BACKGROUND: Multi drug resistant Acinetobacter species is a rapidly emerging pathogen in health care settings and has limited the options for effective treatment. It is increasingly reported as the cause of outbreaks and nosocomial infections such as blood-stream infections, ventilator-associated pneumonia, urinary tract infections and wound infections. AIM: The present study was undertaken to isolate and identify the multi drug resistant (MDR) and extensively drug resistant (XDR) Acinetobacter species. DESIGN AND SETTINGS: This is a prospective study conducted over a period of two years (September 2009 to August 2011) in a tertiary care hospital.
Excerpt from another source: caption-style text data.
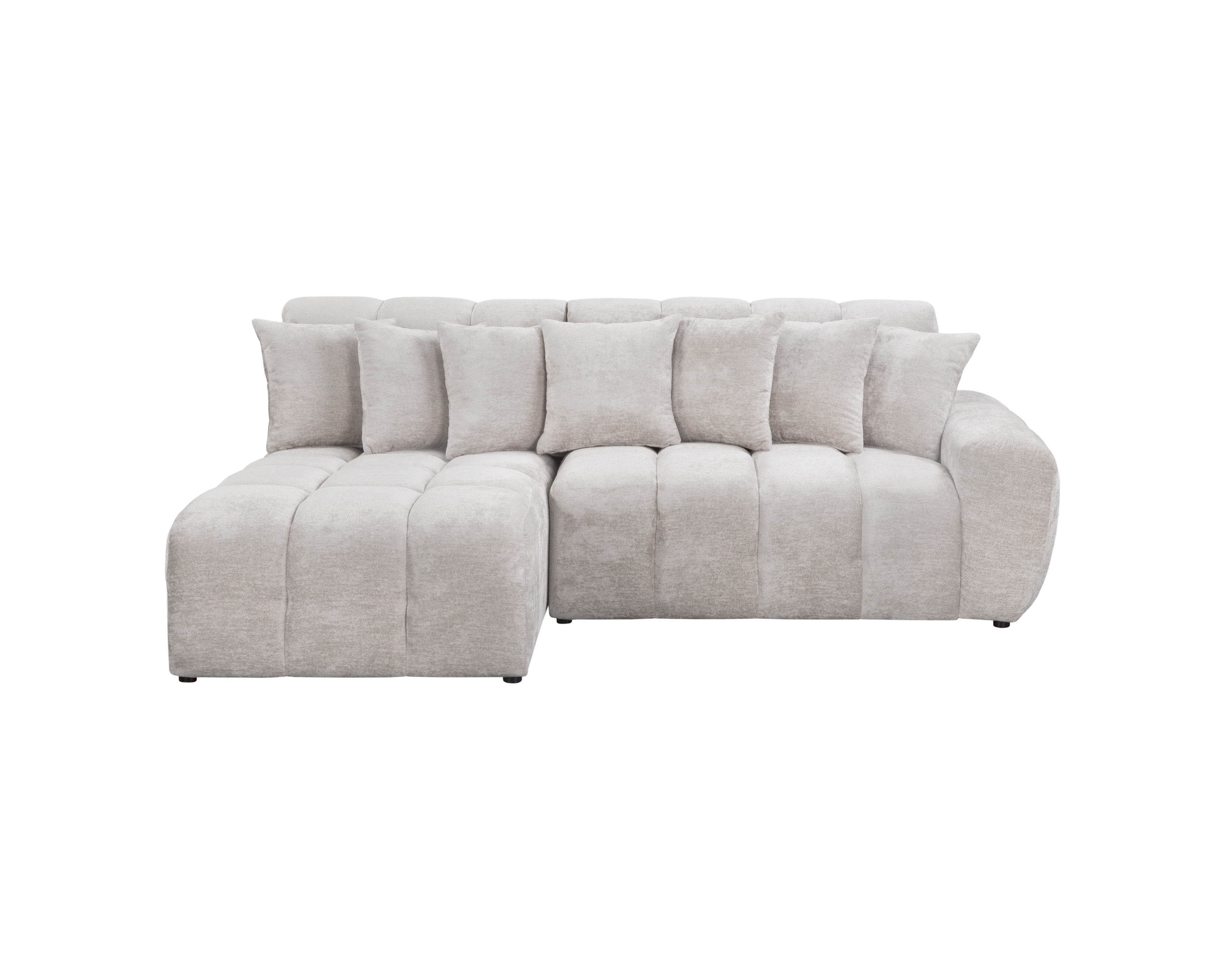 Canapé d’angle gauche Fontaine au Roi en tissu chenille gris Paname Avenue, vue de face sur fond blanc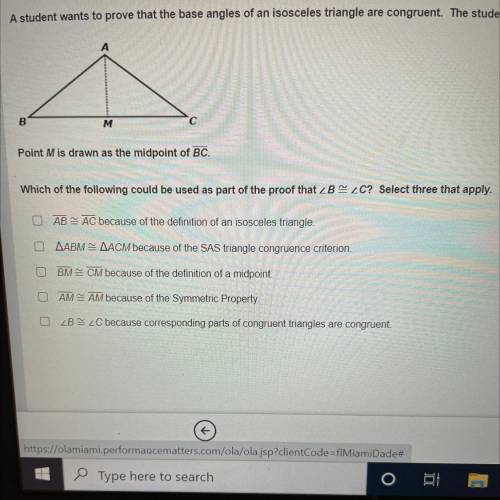 HELP ASAP

Which of the following could be used as part of the proof t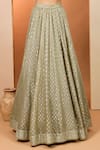 Buy_Neha Khullar_Green Organza Mirrors, Zari Sweetheart Designer Banarasi Chanderi Lehenga Set _Online_at_Aza_Fashions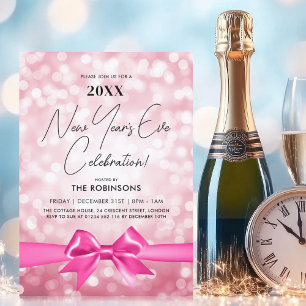 MODERN New Years Eve Party Blush Pink Bokeh Bow Invitation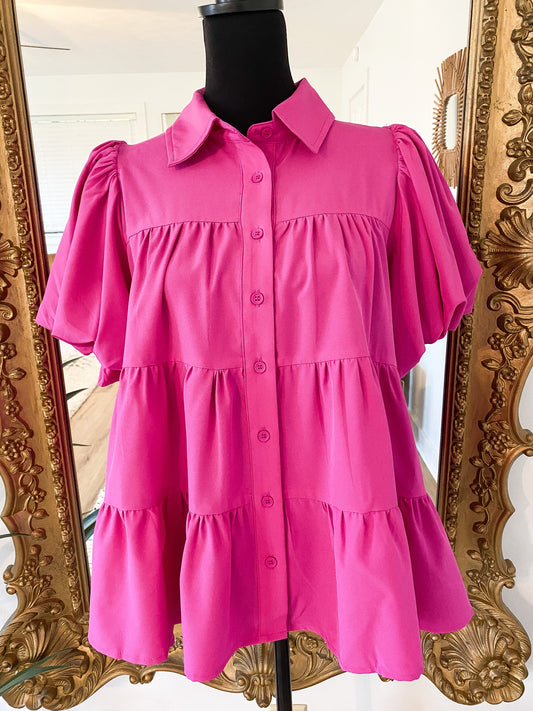 The Emery Tiered Collared Top in Magenta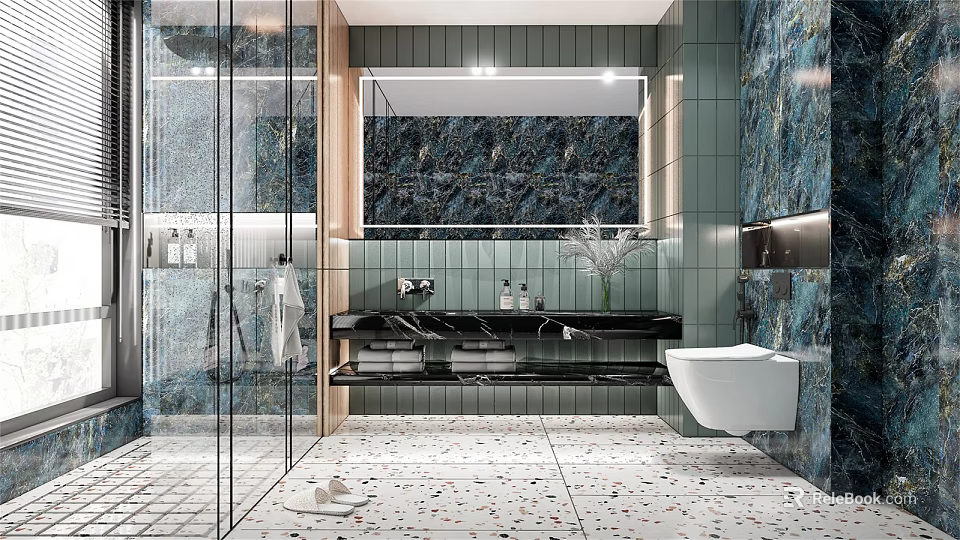 Modern Bathroom Interior Design With Glass Shower Dark Marble Wall And Terrazzo Floor 3d model 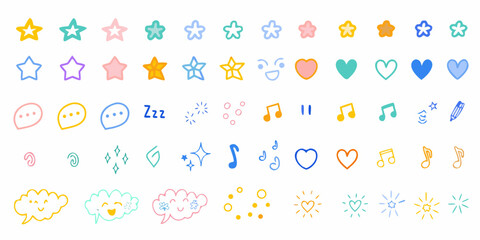 Collection of cute hand drawn pastel icons and symbols for digital use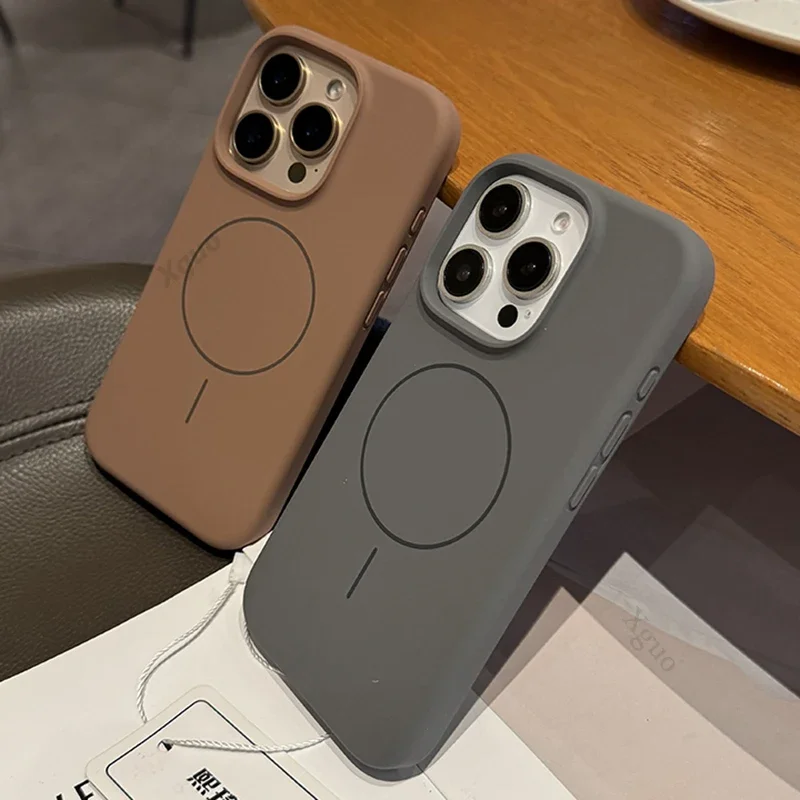 Официальный жидкий силиконовый магнитный чехол для телефона iPhone 16 15 14 12 13 11 Pro Max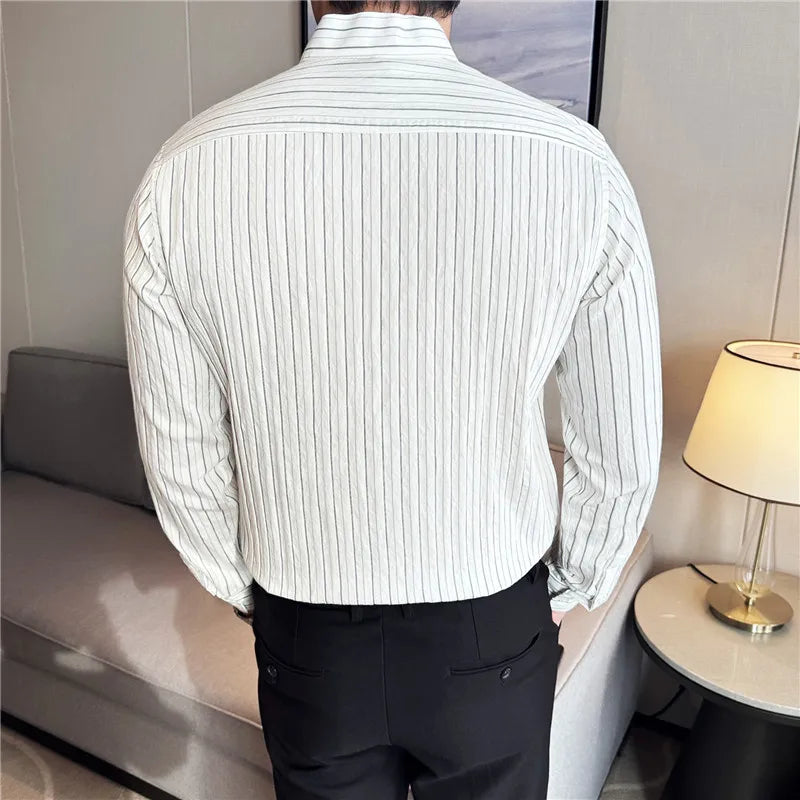 Men's Striped Stand Collar Long Sleeve Single Breasted Shirt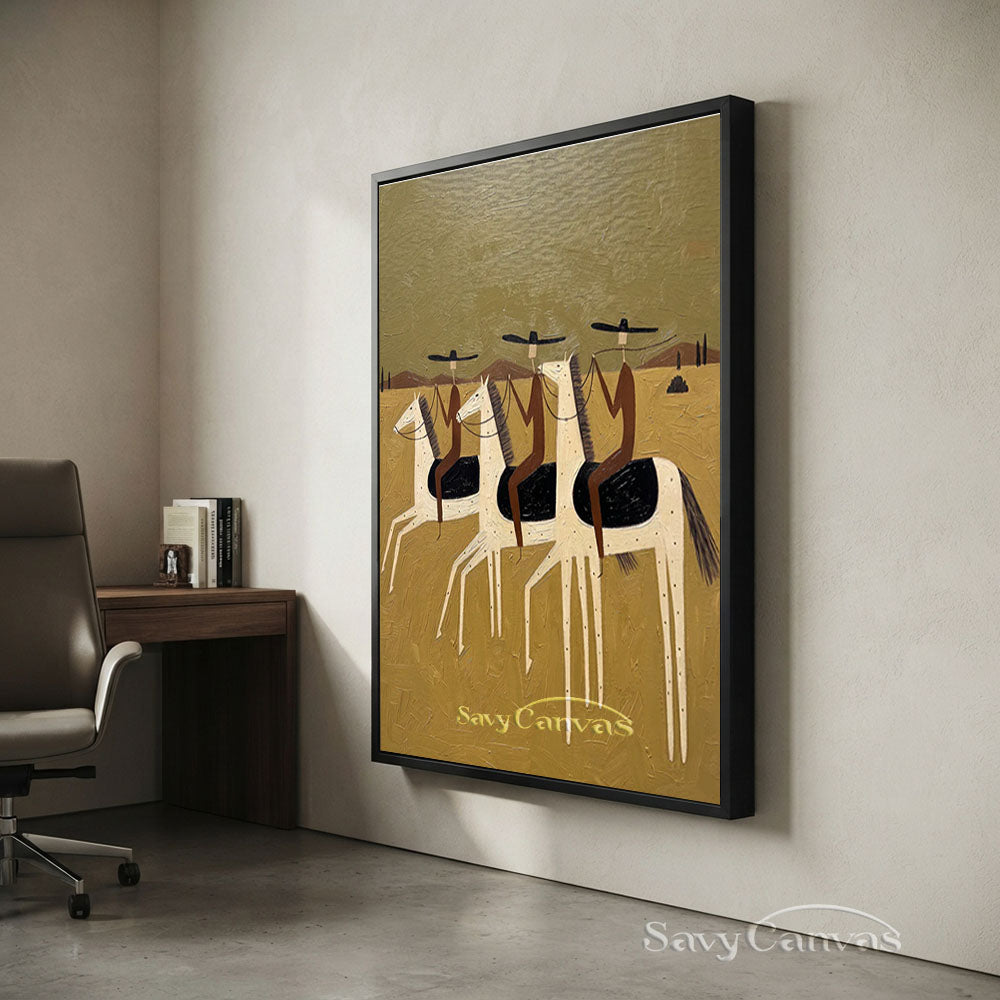 Western Three Riders Horse Oil Painting #SS 231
Clinical samples were collected from both indoor and outdoor patients, irrespective of age and sex. MATERIALS AND METHODS: Three hundred non duplicate clinical isolates of Acinetobacter species were processed for species identification by standard Microbiological procedures. Antimicrobial susceptibility of these isolates was performed by Kirby-Bauer disc diffusion method. RESULTS: Of the 300 isolates, 224 (74.6%) were identified as A. baumannii followed by A. lwoffii 73/300 (24.3%) and A. haemolyticus 3/300 (1%). Majority of the isolates were recovered from ICU patients 183/300 (61%), followed by patients admitted in wards 93/300 (31%) and 24/300 (8%) isolates were from outdoor patients. Out of 300, 153 (51%) isolates were XDR and 11% were MDR. Only about 10% of the isolates were sensitive to β-lactams and 30-40% of the strains were sensitive to aminoglycosides and fluoroquinolones. None of the isolate was resistant to cefoperazone sulbactam, ceftriaxone sulbactam and polymyxins. Statistically significant difference (p value <0.001) was noticed between antibiotic resistance of A. baumannii and A. lwoffii. CONCLUSION: The increasing trends towards antibiotic resistance reflect the extensive use of antibiotics in hospitals which in turn exerts selective pressure on Acinetobacter in hospital environment. Therefore, by judicial use of antibiotics these drug resistant nosocomial Acinetobacter infections can be minimized to some extent.